First, thinking automatic success comes with succession. I think a heavily hand made succession can work but they need to be a whole lot more ruthless with their processes.


Then, as pointed out in a recent article, by the same author as this one I think, they went with what Razor would these days call the "quarter back" style 10 rather than a facilitator. This, along with a second playmaker, removed all desire to select alround players who have the skill to keep the ball alive and enable those wonderful team try's we used to see. We became 'strike' team with specific focal points, and a reliance on those players.
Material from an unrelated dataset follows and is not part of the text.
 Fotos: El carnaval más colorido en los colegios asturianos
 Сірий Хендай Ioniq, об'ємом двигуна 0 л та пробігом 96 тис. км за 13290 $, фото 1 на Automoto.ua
Two defend those players, and the idea itself I suppose, the two you name in particular were heavily affected by their concussions and the idea they can break a neck playing like they way they were. Neither were anything like that specifically due to injurys imo, this, combined with the same mentality that causes the team not to want to replace a future coach (Foster) with someone better, means they stuck with their man. There is also a heavy amount of fiscal perspective in things like investment in a player that dictated a lack of desire to move sooner (the delay in selecting someone like Mo'unga and using Scott as a 6 in conjunction with Ardie at 7).


Ah, yes, I see that you see. Yeah it was definitely another one of these pretty ideas like succession of coachs wasn't, naming the new 7 as captain, after McCaw. Combined with the look of your next paragraph, I'm going to suggest that again it is one of these 'AB philosophies' that are to blame of sticking with your investments till ruin or bust. I can't remember what injury Read had but there was also a conscious choice to play him tighter and we were robbed by his wide running and passing game by a loss of pace. But both of them were indicative of a lack of investment (by necessity no doubt) in securing talent behind them Lachlan was better than Cane for multiple years before he finally decided to go, guys you knew would deliver to a certain standard like Elliot Dixon, Squire, Robinson, Tuafua, even Messam, were constantly overlooked to play certain All Blacks into the ground and have them needing to be excluded from the start of SR seasons as a result. It's so indicative of now with players like Kirifi stonewalled to give Cane a farewell but more glaring grinding blood our of Ardie for one more performance. Not to mention passing up on players like Sotutu.


I see you have great names as well, fully agree, especially about how that Foster teams run ended. While I don't think you understand the dynamics of what selecting from overseas is likely involve, I'm on board, because I don't really care too much about SR. I'd prefer it if NZR had to do what you suggest and invest in the grass roots and NPC and everyone can turn up to a NPC game without paying a cent because the people involved are there for the love of the game.


Realistically though, and thinking with that All Black mindset of perfection, nothing should change until these problems weve highlighted with the setup, and this current coaches failings, have been fixed. Make the change to opening up when you don't need to open it up, that is the 7 point play to make.